Lyndon words, Duval factorization, necklace and bracelet enumeration, and De Bruijn sequences in pure Python.
Project description
lyndon-words
Combinatorics on words in pure Python with zero dependencies: Lyndon-word testing, Duval's Chen-Fox-Lyndon factorization, necklace and bracelet enumeration, and De Bruijn sequences.
What is this?
A Lyndon word is a non-empty word that is strictly smaller than all of its rotations. Lyndon words are the building blocks of combinatorics on words: every word factors uniquely into a non-increasing concatenation of Lyndon words (the Chen-Fox-Lyndon theorem), and Lyndon words index the necklaces (rotation classes) and the De Bruijn sequences over an alphabet.
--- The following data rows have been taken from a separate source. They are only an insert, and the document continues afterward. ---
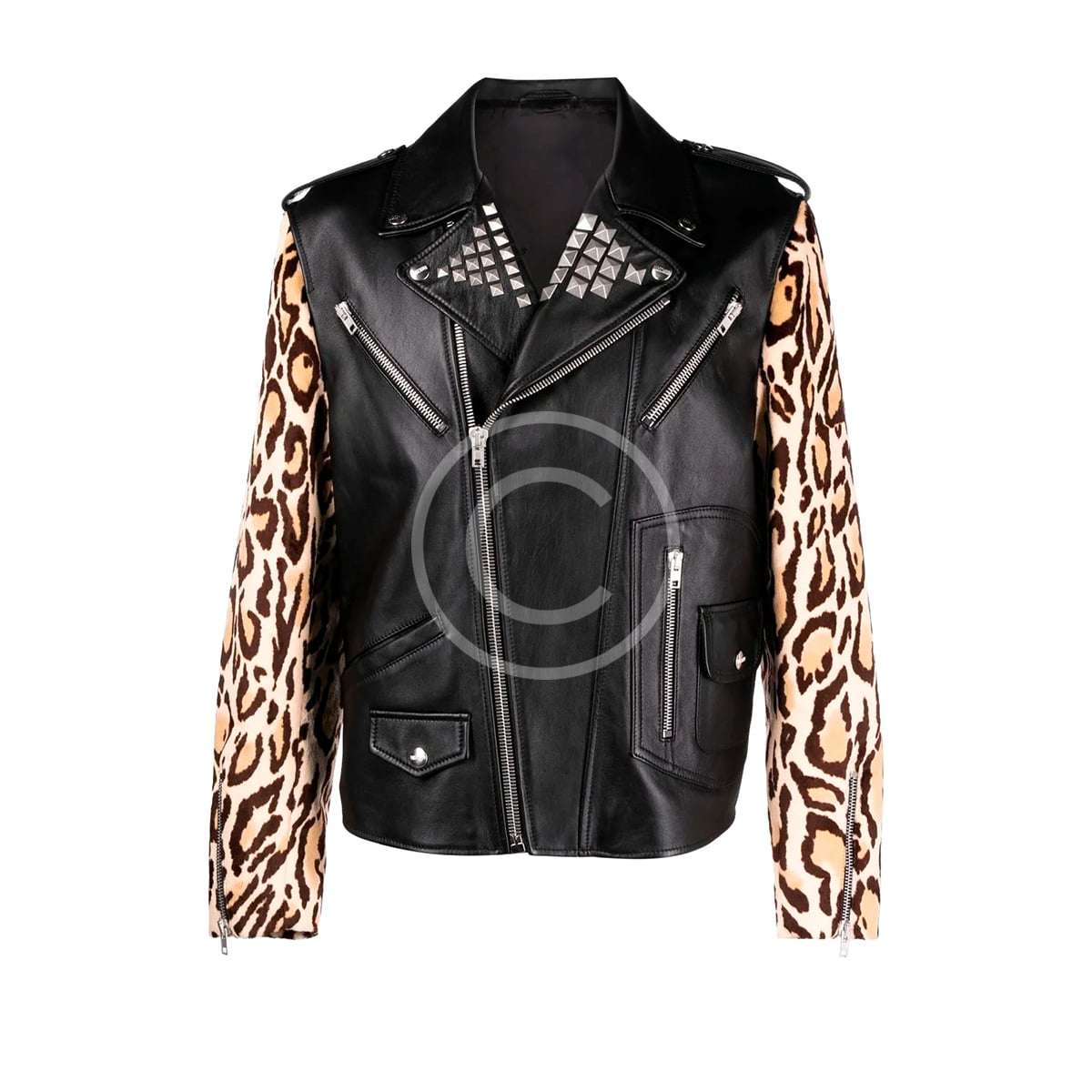 product2-copyright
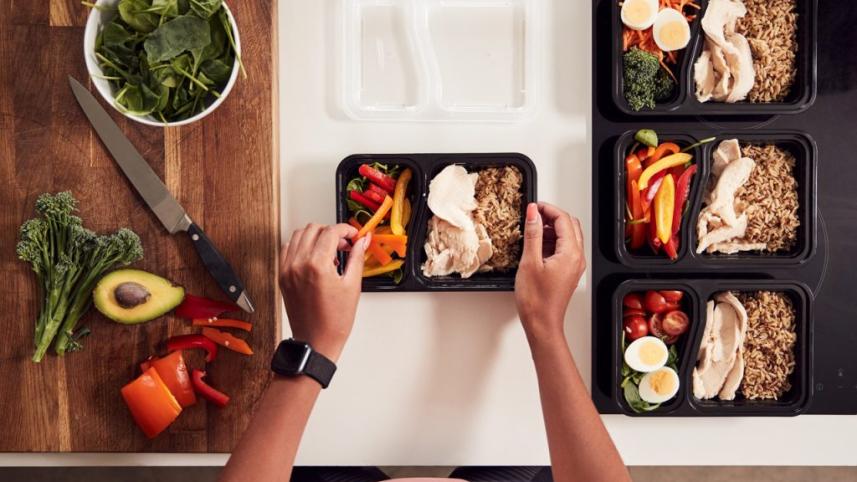 LM for 13 july 2025_7d2e.jpg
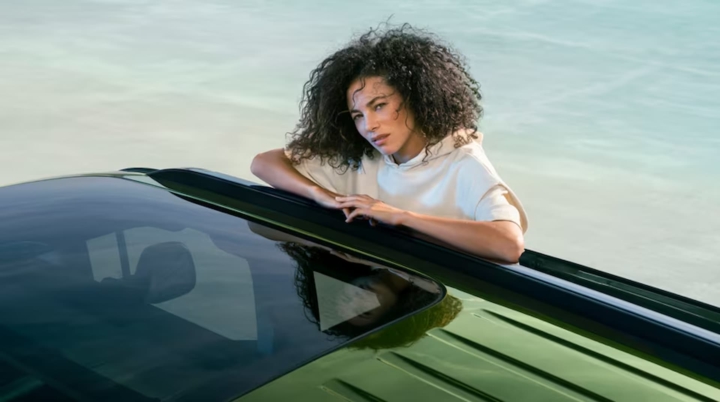 PEUGEOT_RIFTER_ELECTRIQUE_LUDOSPACE_PRIVAS_ARDÈCHE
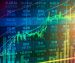 Нефтяные котировки показали небывалый рост: Brent — $32,73 за баррель, WTI — $26,94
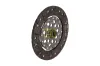 Kupplungsscheibe Schaeffler LuK 323 0586 10 Bild Kupplungsscheibe Schaeffler LuK 323 0586 10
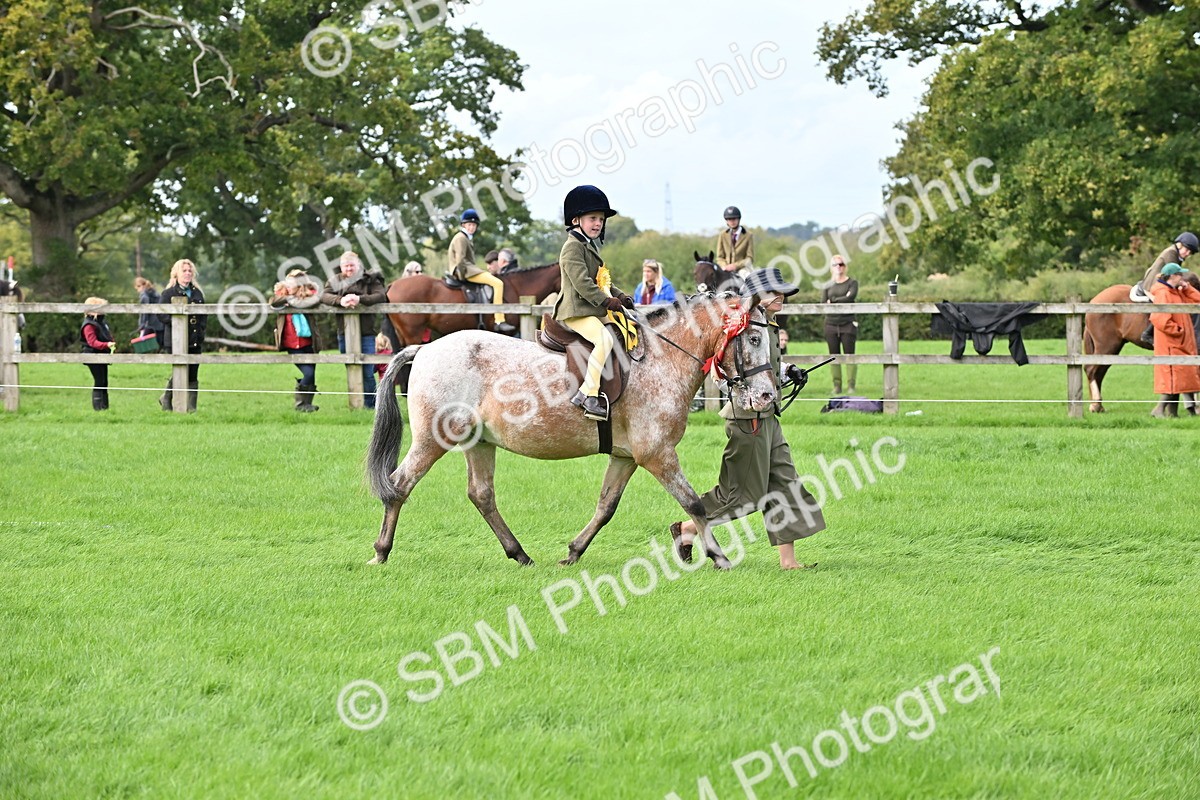 SBM_39342 - Lead Rein Supreme Championship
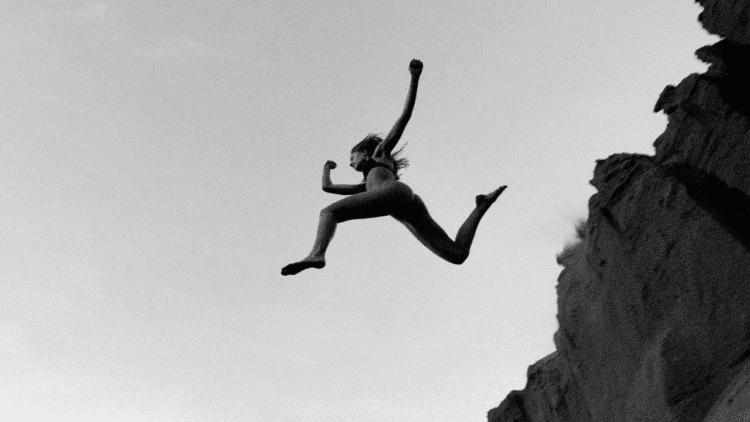 Tips on how to Break Out of a Rut and Remodel Your Life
This library implements the classic algorithms directly, with no dependencies and strict typing.
Install
pip install lyndon-words
PyPI release pending. Install from source:
git clone https://github.com/amaar-mc/lyndon-words cd lyndon-words pip install -e .
Quick start
from lyndon_words import is_lyndon, factorize, enumerate_necklaces, enumerate_bracelets, de_bruijn, lyndon_array
# Lyndon-word test (accepts str, list, or tuple)
is_lyndon("aab") # True
is_lyndon("aba") # False
is_lyndon((0, 0, 1)) # True
# Duval's Chen-Fox-Lyndon factorization (non-increasing Lyndon factors)
factorize("banana") # ['b', 'an', 'an', 'a']
factorize("aababab") # ['aabab', 'ab']
# Necklaces: rotation-class representatives over {0, 1} of length 3
list(enumerate_necklaces(alphabet_size=2, length=3))
# [(0, 0, 0), (0, 0, 1), (0, 1, 1), (1, 1, 1)]
# Bracelets: rotation + reflection classes over {0, 1} of length 4
list(enumerate_bracelets(alphabet_size=2, length=4))
# [(0, 0, 0, 0), (0, 0, 0, 1), (0, 0, 1, 1), (0, 1, 0, 1), (0, 1, 1, 1), (1, 1, 1, 1)]
# De Bruijn sequence B(2, 3): every length-3 binary word appears once cyclically
de_bruijn(alphabet_size=2, length=3)
# (0, 0, 0, 1, 0, 1, 1, 1)
# Lyndon array: longest Lyndon prefix length at each position
lyndon_array("banana") # [1, 2, 1, 2, 1, 1]
lyndon_array("abcd") # [4, 3, 2, 1] (entire increasing suffix is Lyndon)
lyndon_array("aaaa") # [1, 1, 1, 1] (all equal, no run > 1 is Lyndon)
lyndon_array("0010011") # [7, 2, 1, 4, 3, 1, 1]
Word representation
Words over an integer alphabet are represented as tuple[int, ...], for example
(0, 0, 1) for a 3-symbol word over {0, 1}. This is the canonical type, and every
enumeration and generation function (enumerate_necklaces, enumerate_bracelets,
de_bruijn) yields or returns tuples of ints.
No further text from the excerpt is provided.